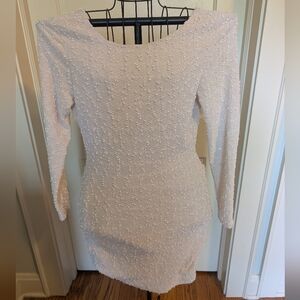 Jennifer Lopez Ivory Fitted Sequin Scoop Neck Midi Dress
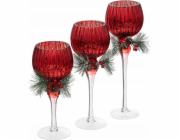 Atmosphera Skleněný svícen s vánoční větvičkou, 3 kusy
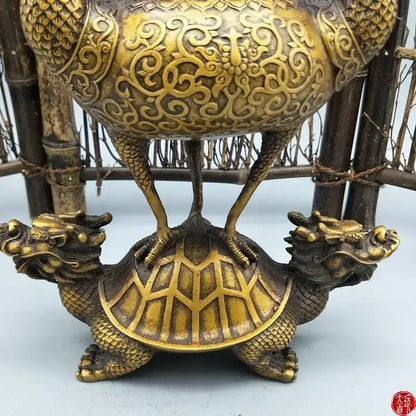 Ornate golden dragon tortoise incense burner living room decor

******

◆ EXERCISE ◆
Reprint the listing above verbatim but drop the images.

◆ RESPONSE BELOW ◆
 Jennifer Lopez Ivory Fitted Sequin Scoop Neck Midi Dress
 Atmosphera Skleněný svícen s vánoční větvičkou, 3 kusy
 Ornate golden dragon tortoise incense burner living room decor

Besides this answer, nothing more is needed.